I think a lot of this is due to the slide from "combat as war" to "combat as sport". Combat is given a lot of room in D&D - rule wise, time wise, effort wise. So some have started to see it as "the thing". And the encounters become "balanced" so that the PCs can show up, do their thing, and expect to win.
But in combat as war, there is no guarantee of "balanced" encounters. And the way to win is to engineer a situation where you can crush the enemy. In war, the best battle is when the foe doesn't get to fight back. You aren't there to have "manly contest of arms", you are here to win and not die.
5e definitely accommodates 'combat as war' a heck of a lot better than 4e did.
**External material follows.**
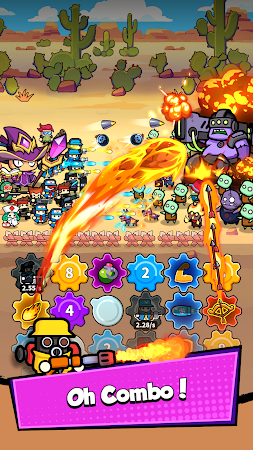 Game screenshot Zombie Defense: Gear Merge apk download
A 4e D&D game where you avoided combat, or tried to ensure you only fought unbalanced easy win battles, would feel very odd. 5e goes back a long way towards allowing an older more strategic style of play I find. Although it can be run in a 4e 'my precious encounter' style, some of the spells are close to 3e 'I win buttons'; 4e definitely does 'combat as sport' the best.
IMC one 3rd-4th level PC group are in a dungeon suitable for level 1 PCs, and players having a good time. Another 3rd-5th level PC group are defending a dwarf hold from an overwhelming orc army, and players also having a good (if stressful!) time. Neither are in anything remotely balanced.